Auftritt des Kommandanten Hulot. Man ist ihm bei Tante Lisbeth begegnet, wo er bereits Marschall und ein alter Mann ist, der gerade noch rechtzeitig stirbt, bevor die böse Lisbeth ihn heiraten kann. Nun ist er noch jung und soll mit einer kleinen Truppe von Soldaten ein neu ausgehobenes Kontingent von Rekruten aus der bretonischen Provinz in die nächstgelegene Stadt bringen.

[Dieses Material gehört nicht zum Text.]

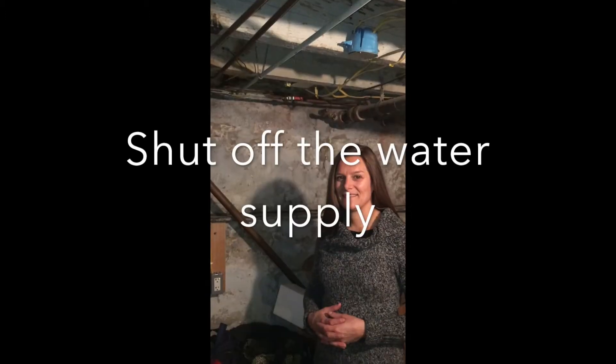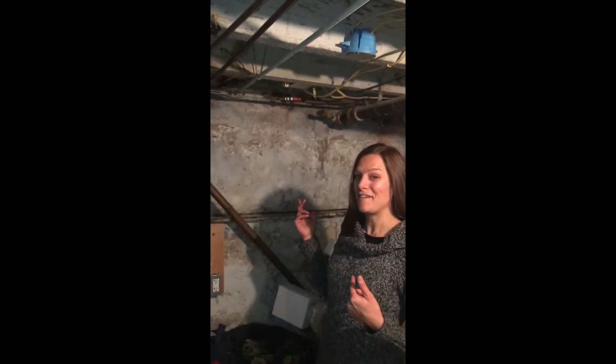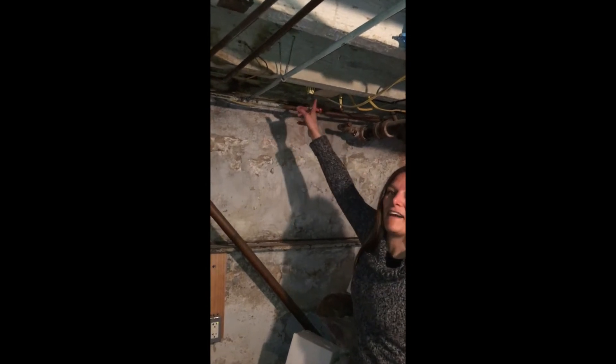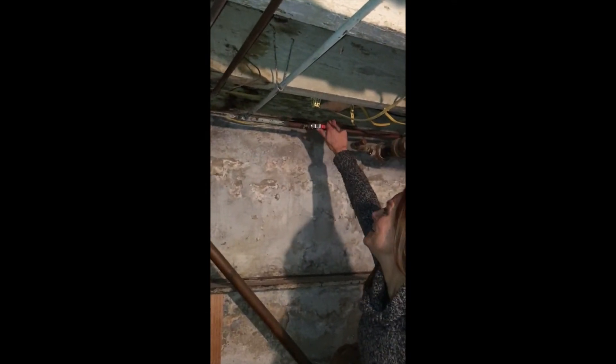First thing we're going to do is go down to the basement and find the shutoff valve. I located the shutoff valve for my outdoor faucet. If you don't know where it is, it's most likely directly below the location of your outdoor faucet inside the basement. Here it is — it's a lever. It's on right now, running parallel to the pipe, and it's off when we turn it perpendicular to the pipe.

Die Stimmung ist ungefähr so euphorisch wie heute in Russland durch die Teilmobilmachung. Auf einer Hügelkuppe taucht plötzlich ein Waldschrat auf: „Die Grobheit dieses wie mit der Axt zugehauenen Mannes , sein rauhes Äußeres, die stumpfe Unwissenheit, die seinen Zügen aufgeprägt war, all das machte ihn zu einer Art von barbarischem Halbgott. Er nahm eine prophetische Haltung ein, so daß er an dieser Stelle wie der Geist der Bretagne selbst erschien, der sich nach einem Schlummer von drei Jahren erhob, um einen Krieg wieder aufzunehmen, nach dem selbst der Sieg nichts als Trauer bringen konnte.“
Auf ein Signal dieses Faktotums (er imitiert den Ruf eines Käuzchens, von dem die Königstreuen ihren Namen „Chouans“ haben) stürzen dreihundert Kämpfer aus dem Gebüsch, es kommt zur Schlacht. Balzac beschreibt sie ausführlich und spannend in allen Etappen, J.R.R. Tolkien wäre stolz auf ihn. Hulot und seine Jungs halten sich tapfer und können beobachten, dass die Aufständischen von einem jungen, offensichtlich adeligen Mann angeführt werden.
Beste Figur:
Der Kommandant Hulot. Man sympathisiert zwar eher mit den Royalisten, doch was soll man tun, wenn die auktoriale Instanz einen auf die Gegenseite stellt: „In einer kritischen Lage wie der des Kommandeurs Hulot und seiner Abteilung, wo das Leben auf dem Spiele steht, ist es für tatkräftige Männer Ehrensache, sich kaltblütig und unbekümmert zu zeigen. Daran kann man letzten Endes den Mann beurteilen. So setzte denn auch der Kommandant, der besser über die Gefahr bescheid wusste als seine beiden Offiziere, seine ganze Selbstliebe darein, am ruhigsten zu erscheinen.“
Beste Stelle:
Wenn Balzac auf der Metaebene gegen sein Publikum wettert. So beschreibt er die Figuren nur, „um dieser Geschichte die lebendigen Farben zu leihen, denen man heutzutage so großen Wert beimißt, wiewohl sie, gewissen Kritikern zufolge, der Seelenschilderung Abtrag tun.“ An einer anderen Stelle rechtfertigt er sich für „eine kurze Abschweifung, die hier am Platze ist, um eine gewisse Art von Nörglern davon zu überzeugen, daß Hulots Befürchtungen nicht ohne Grund waren“. Lass dich nicht ärgern, Honoré. Deine Kritiker braten in der Hölle.